All my life, everyone else has seemed to enjoy the hot weather; their moods lift when the temperatures rise (whereas I grow sleepy and more sluggish), and they plan all these social activities I haven’t wanted to be excluded from. I have never to date worked up the courage to say “hey guys, instead of lazing by the river this afternoon, how about we all sit in my house with the curtains drawn?”, because who’s going to say yes?
People like summer. On blazing hot days when I can’t see properly and the heat makes my skin feel weird, someone else will invariably breeze by in a floaty dress, and sigh, “Isn’t it a lovely day?”. So I’ve just accepted the fact that, somehow, I’m in the wrong here.
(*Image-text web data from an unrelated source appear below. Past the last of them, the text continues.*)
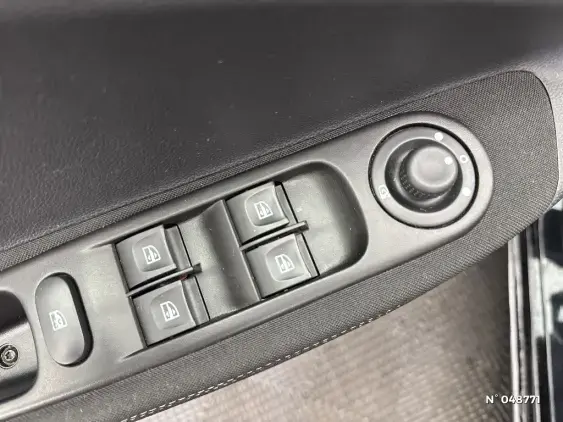 RENAULT ZOE - voiture d'occasion - Photo 26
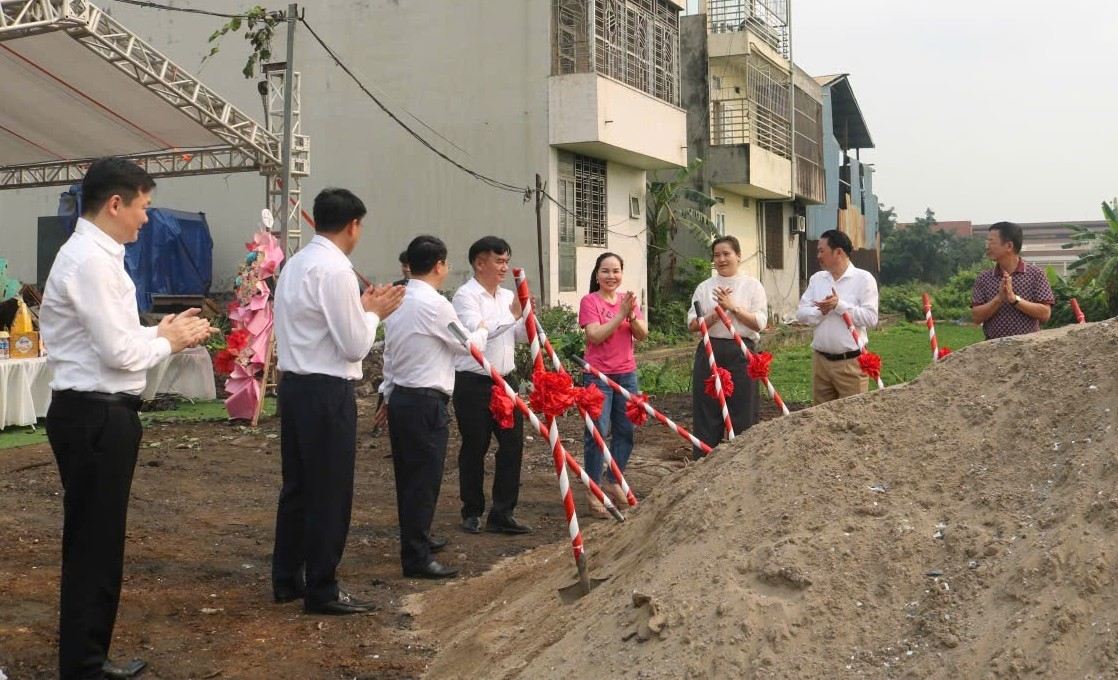 Groundbreaking ceremony of the project to invest in construction and business of technical infrastructure of Thuy Nguyen mechanical and casting craft village industrial cluster. Photo: Thien Huong ward e-Portal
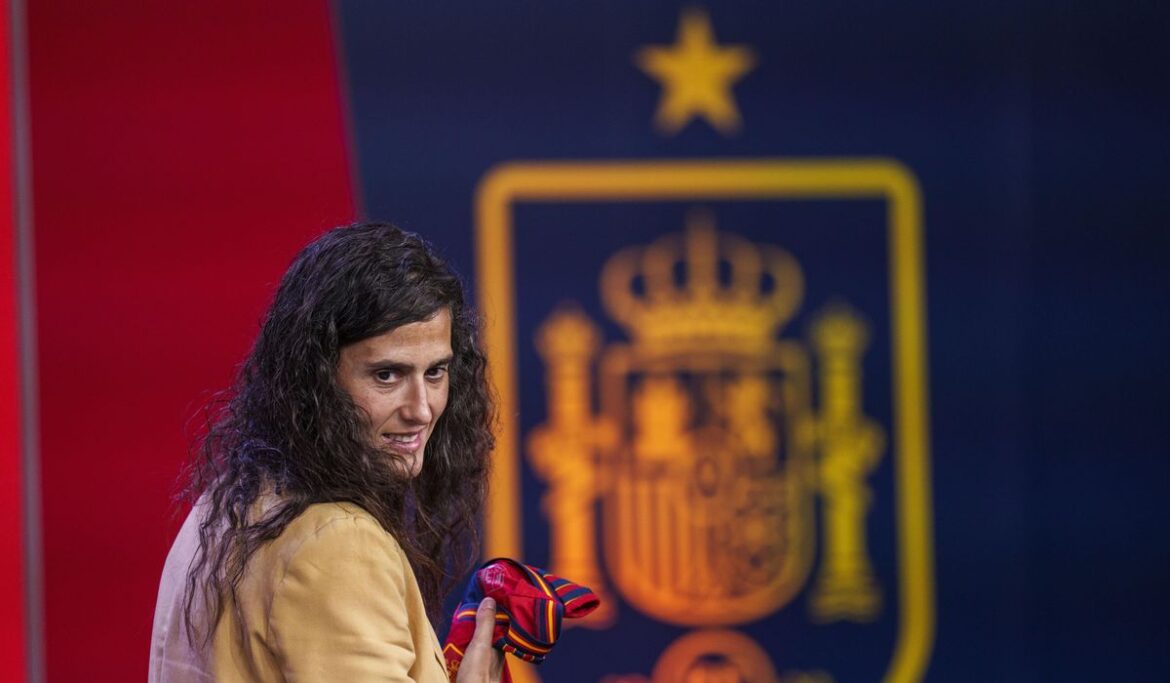 Hermoso criticizes Spanish soccer federation and accuses it of threatening World Cup-winning players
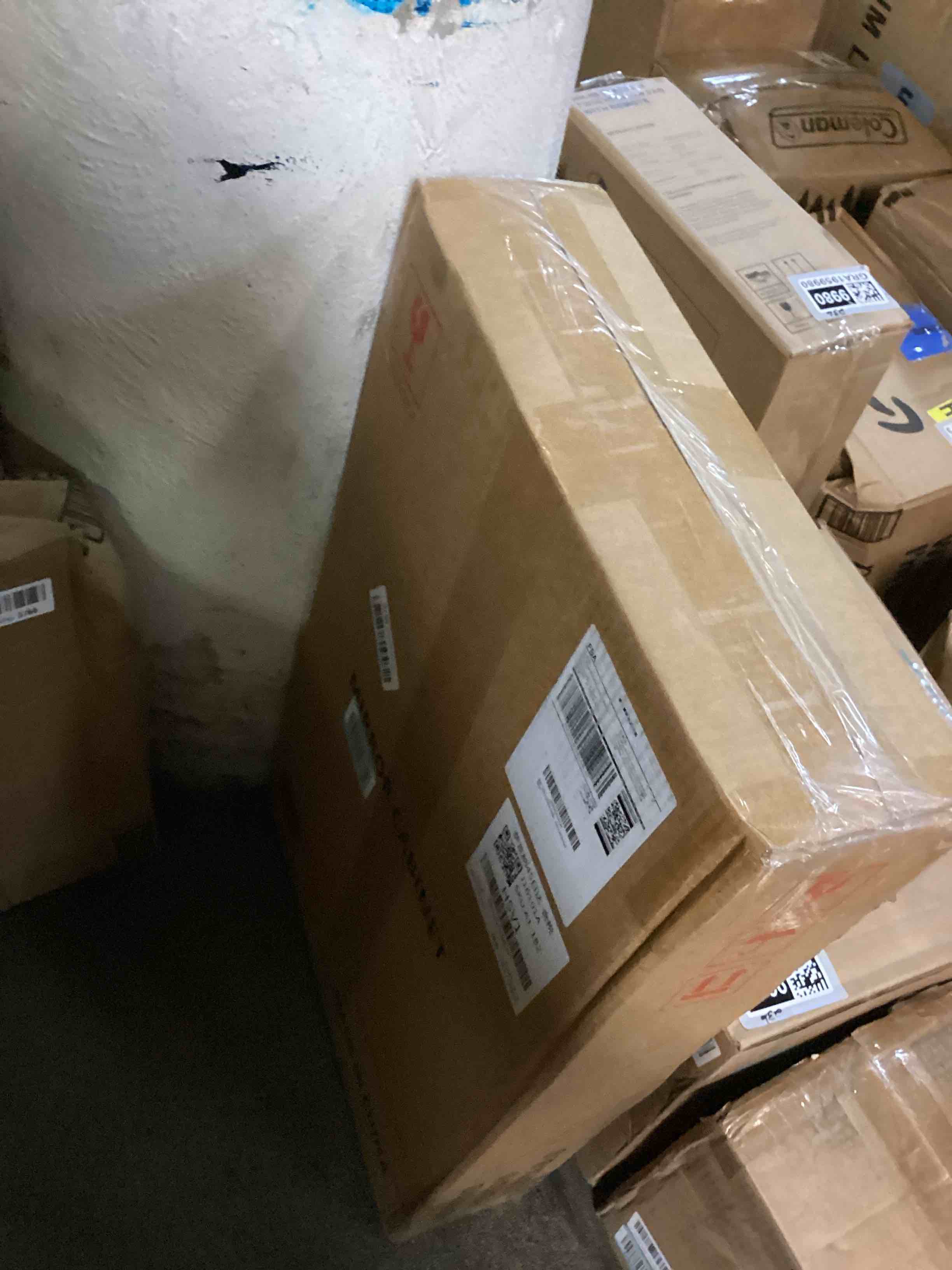 https://s3.amazonaws.com/lotting-images-prod/bidfta/GRA1959987_1753922239515.jpeg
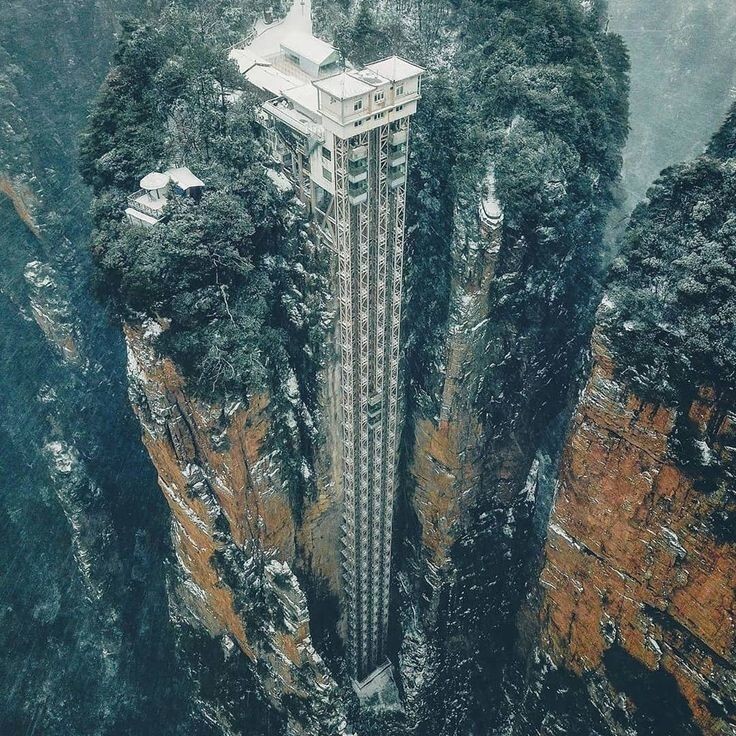 6. Самый высокий лифт в мире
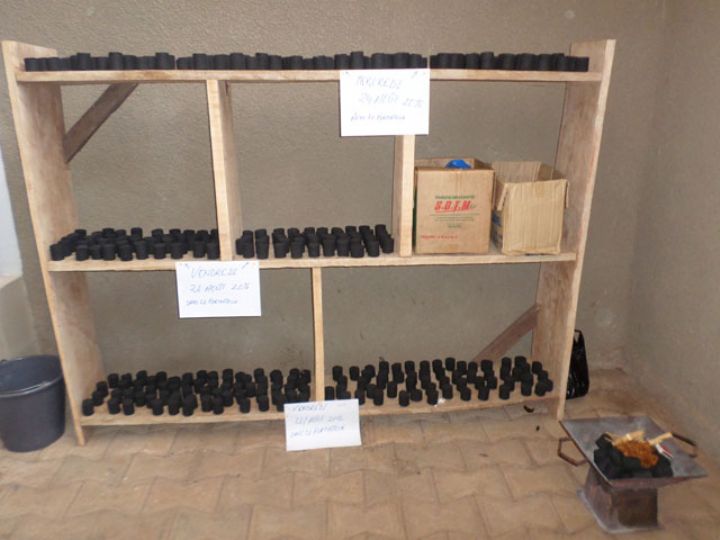 Une association valorise la production du charbon à partir des cabosses de cacao à Affery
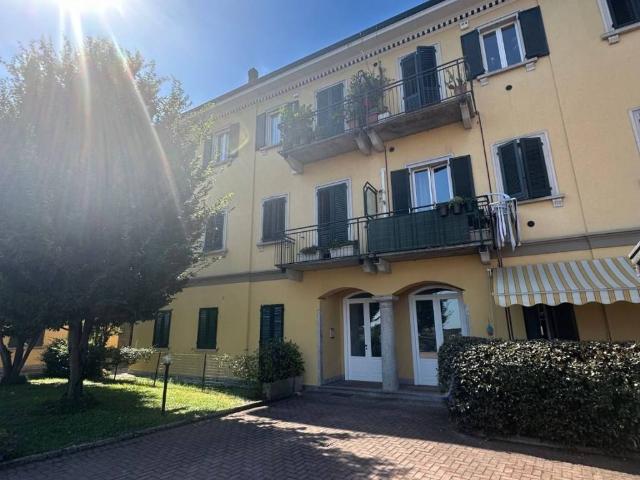 Appartamento in vendita a Lentate sul Seveso MB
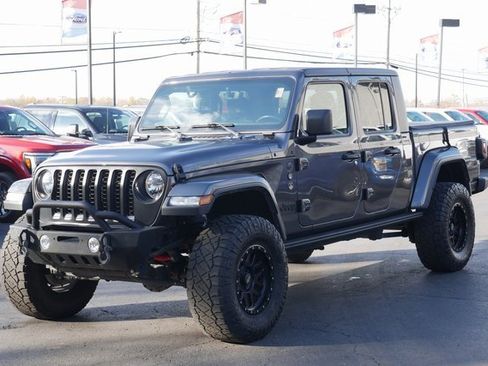 Used 2022 Jeep Gladiator Sport image 7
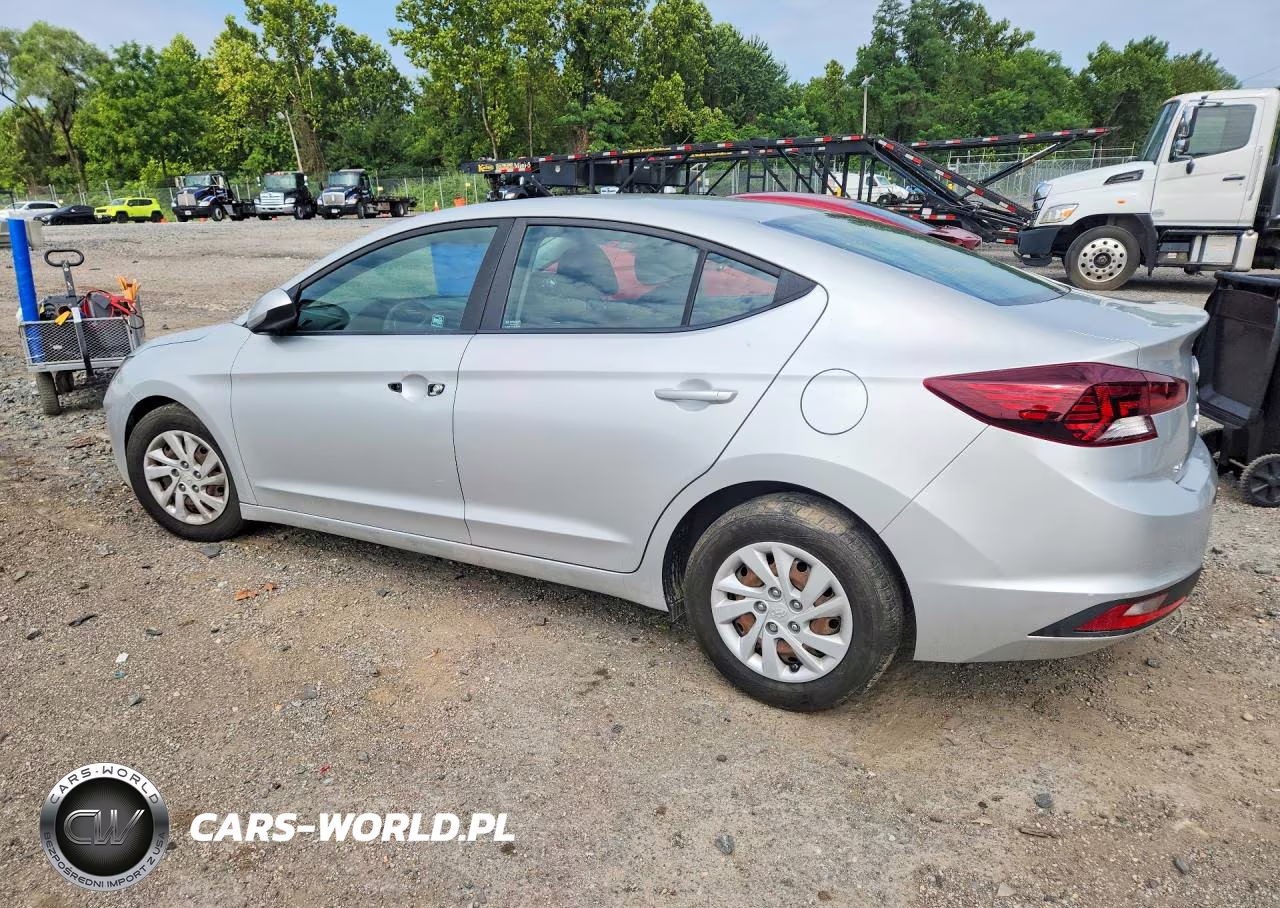 2019 Hyundai Elantra Se VIN:5NPD74LF7KH438069 - 2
Recently, a psychologist friend of mine asked why I dislike summer so much. I told her about the hay fever, headaches, chub rub and the systematic terrorism by wasps; but she kept asking “Why else? Why else?”
Which is when I admitted – for the first time out loud – that being too hot makes me feel panicky and claustrophobic. And being directly in bright, hot sunshine for even short amounts of time exhausts me, and leaves me irritable, nauseous and headachey. Plus: “This will sound weird,” I added. “But it’s almost as if direct sunlight is too loud. Trying to focus on anything is like trying to hear a quiet conversation in a crowded, echoey room.”
“Sounds like sensory overload,” my psychologist friend told me. Last year I was diagnosed with attention-deficit hyperactivity disorder (ADHD) – a neurological development disorder it turns out I’ve had since childhood – and sensory overload can come hand in hand with its symptoms. Some people can be so bothered by sensory input – noise, or even the feeling of a clothes label scratching against their skin – they are literally driven to distraction.
For me, it looks like it’s heat and light. Even on a cold day, the glare from car windshields can worsen my mood and sense of wellbeing, so this makes sense. When you add sensory overload to the fact that summer gives me three months of sinusitis and throws insects at my face, no wonder I’m having a rubbish time.
“Even if it wasn’t a sensory thing, why is there shame in disliking summer?”, my friend added – and it’s wisdom like this that delineates why she is a psychologist and I’m just a fool who shares her opinions on the internet.
“People aren’t shy about saying they hate winter. You don’t have to go to the beach, and you don’t have to apologise.”
So here I am, hating summer and not apologising. Now I accept the fact that I hate it. Obviously I will still go to barbecues because my love of sausages outweighs my hatred of summer (see: thigh gap), but I’ll go there slathered in factor 50, with a massive wide-brimmed hat and dramatic, oversized sunglasses (polarised). Otherwise where possible I’ll limit my summer exposure to the early morning and late afternoon, when the temperature and long shadows are kinder to my senses.
And if you’re reading this and you’re a fellow summer hater, let us make our stand now. Let’s shout it from the shadiest rooftops. Let’s whisper it from behind our curtains, with our air-conditioning units on. This summer, let’s stay in, and feel no shame.